CSV Writer truncates characters in sequence in Excel 2013

Question

I have an interesting situation with Python's csv module. I have a function that takes specific lines from a text file and writes them to csv file:

import os
import csv

def csv_save_use(textfile, csvfile):
    with open(textfile, "rb") as text:
        for line in text:
            line=line.strip()
            with open(csvfile, "ab") as f:            
                if line.startswith("# Online_Resource"):   
                    write = csv.writer(f, dialect='excel',
                                       delimiter='	',
                                       lineterminator="	",
                                       )
                    write.writerow([line.lstrip("# ")])

                if line.startswith("##"):
                    write = csv.writer(f, dialect='excel',
                                       delimiter='	',
                                       lineterminator="	",
                                       )
                    write.writerow([line.lstrip("# ")])

Here is a sample of some strings from the original text file:

# Online_Resource: https://www.ncdc.noaa.gov/
## Corg%    percent organic carbon,,,%,,paleoceanography,,,N

What is really bizarre is the final csv file looks good, except the characters in the first column only (those with the # originally) partially "overwrite" each other when I try to manually delete some characters from the cell:

Oddly enough, too, there seems to be no formula to how the characters get jumbled each time I try to delete some after running the script. I tried encoding the csv file as unicode to no avail.

Thanks.

Jean-Fran&#231;ois Fabre · Accepted Answer

You've selected excel dialect but you overrode it with weird parameters:

You're using TAB as separator and line terminator, which creates a 1-line CSV file. Close enough to "truncated" to me
Also quotechar shouldn't be a space.

This conveyed a nice side-effect as you noted: the csv module actually splits the lines according to commas!

The code is inefficient and error-prone: you're opening the file in append mode in the loop and create a new csv writer each time. Better done outside the loop.

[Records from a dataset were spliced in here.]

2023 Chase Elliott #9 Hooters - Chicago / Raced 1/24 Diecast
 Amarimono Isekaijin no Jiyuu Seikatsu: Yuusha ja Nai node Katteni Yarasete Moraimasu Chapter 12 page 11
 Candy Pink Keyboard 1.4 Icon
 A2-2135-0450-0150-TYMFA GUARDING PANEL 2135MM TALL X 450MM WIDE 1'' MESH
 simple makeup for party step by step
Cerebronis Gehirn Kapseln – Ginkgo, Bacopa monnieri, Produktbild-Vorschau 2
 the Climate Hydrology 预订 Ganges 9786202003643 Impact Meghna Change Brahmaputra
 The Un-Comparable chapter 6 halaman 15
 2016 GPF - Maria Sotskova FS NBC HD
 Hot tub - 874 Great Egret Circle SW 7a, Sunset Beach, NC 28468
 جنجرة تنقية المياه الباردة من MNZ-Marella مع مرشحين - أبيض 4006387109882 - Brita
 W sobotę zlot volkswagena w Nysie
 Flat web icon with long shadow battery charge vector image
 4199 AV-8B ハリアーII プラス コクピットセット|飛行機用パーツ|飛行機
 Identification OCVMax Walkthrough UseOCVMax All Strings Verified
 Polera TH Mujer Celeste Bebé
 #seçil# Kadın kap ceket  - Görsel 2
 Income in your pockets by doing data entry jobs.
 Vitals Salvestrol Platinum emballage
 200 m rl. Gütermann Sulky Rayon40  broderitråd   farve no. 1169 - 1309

Also, comma split must be done by hand now. So even better: use csv module to read the file as well. My fix proposal for your routine:

import os
import csv

def csv_save_use(textfile, csvfile):
  with open(textfile, "rU") as text, open(csvfile, "wb") as f:
    write = csv.writer(f, dialect='excel',
                       delimiter='	')
    reader = csv.reader(text, delimiter=",")
    for row in reader:
        if not row:
            continue  # skip possible empty rows            
        if row[0].startswith("# Online_Resource"):
            write.writerow([row[0].lstrip("# ")])

        elif row[0].startswith("##"):
            write.writerow([row[0].lstrip("# ")]+row[1:]) # write row, stripping the first item from hashes

Note that the file isn't properly displayed in excel unless to remove delimiter=' (reverts back to default comma)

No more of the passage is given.